La gravedad de la situación con la que se iba a encontrar don Juan Carlos se puede resumir en lo siguiente: no había un solo poder ejecutivo en el mundo (con la excepción de Imelda Marcos) que apoyara al Gobierno español. La soledad era absoluta y el futuro rey tendría que comenzar de cero a restaurar la confianza política, financiera e informativa en un país que se había convertido en una especie de Albania corrupta a la que el mundo entero despreciaba. Solo con eso ya bastaría para perdonar a don Juan Carlos que más tarde fuera humano, o más que humano, para resarcirse de los años cautivos en las garras de los franquistas.
El relato de Aguilar se lee como una novela, pero todo lo que cuenta es real y verdadero. Resulta muy instructivo constatar cómo se las arreglaban aquellos periodistas que se apiñaban ante los muros del palacio del Pardo durante la agonía, y que debían informar minuto a minuto cuando no existían los teléfonos móviles, ni los había públicos por los alrededores. Con cada nueva información corrían despendolados los plumillas hacia el primer bar abierto en el pueblo más próximo, donde hacían cola en el teléfono con civilizada educación y un frío de noviembre. Es una escena para que alguien invente una serie de televisión que dé cuenta veraz de aquellos últimos cuatro días cargados de tempestades y consecuencias inesperadas.
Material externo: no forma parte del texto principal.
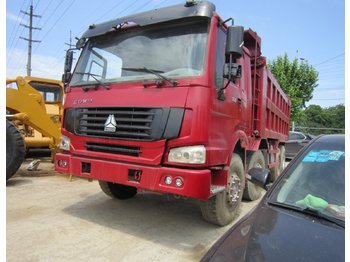 HOWO 336 - Vrachtwagen
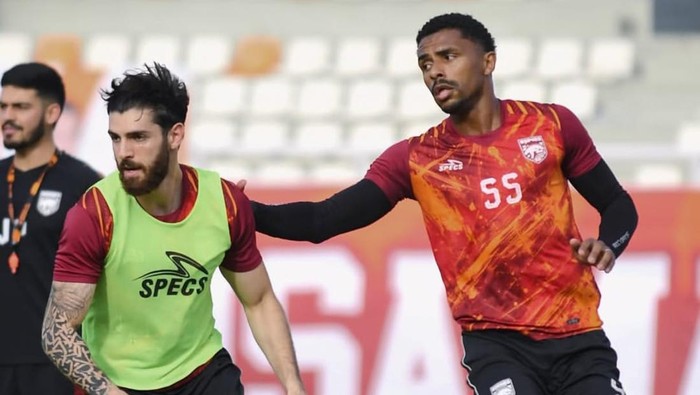 Pemain Borneo FC saat melakukan latihan di Stadion Segiri Samarinda.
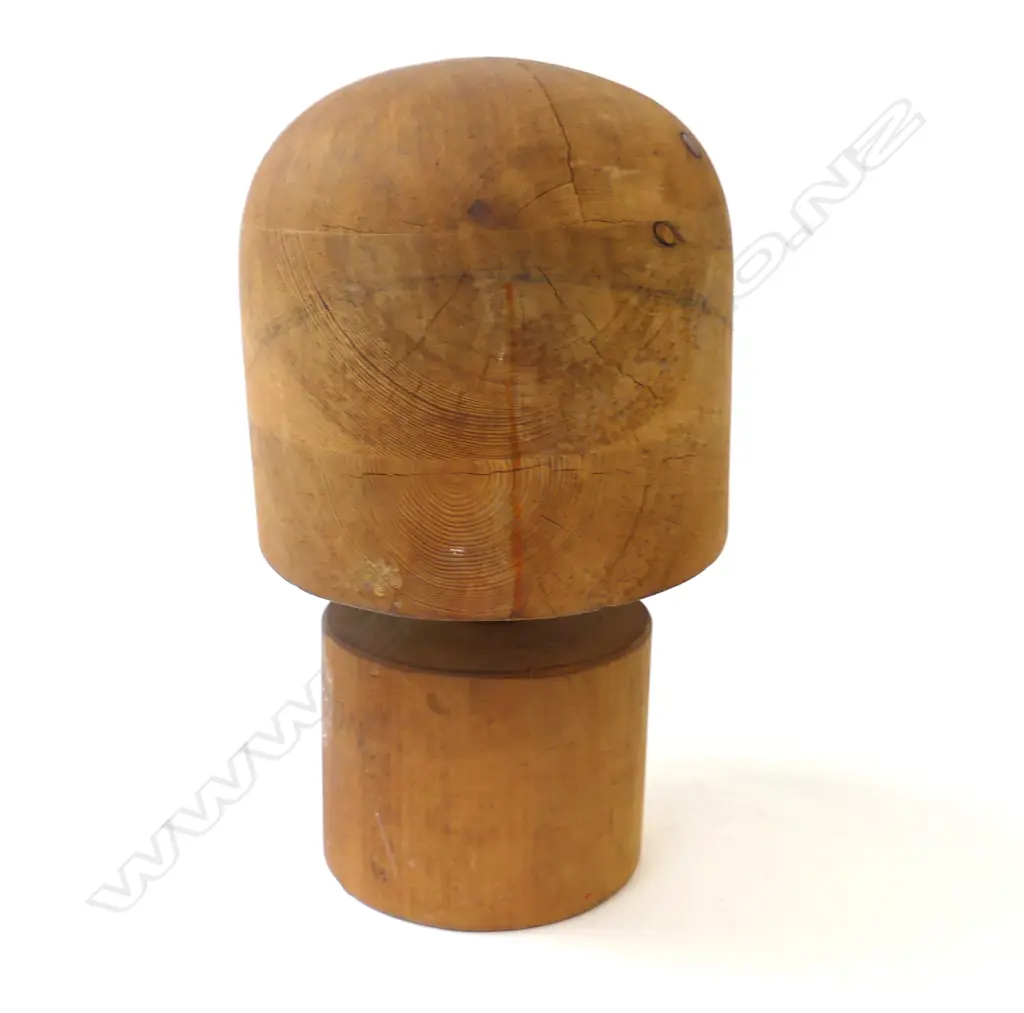 WOODEN HAT BLOCK H.260mm Image 1++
Los gestos convulsos del sanchismo para conmemorar los 50 años de la muerte de Franco, como imponer una lápida donde tiene hoy día su sede la Comunidad de Madrid, en recuerdo de las torturas de la policía franquista, exhiben una explotación tan infame del suceso como los abusos desesperados de Martínez-Bordiú, a quien imitan. Tampoco llegarán a tiempo.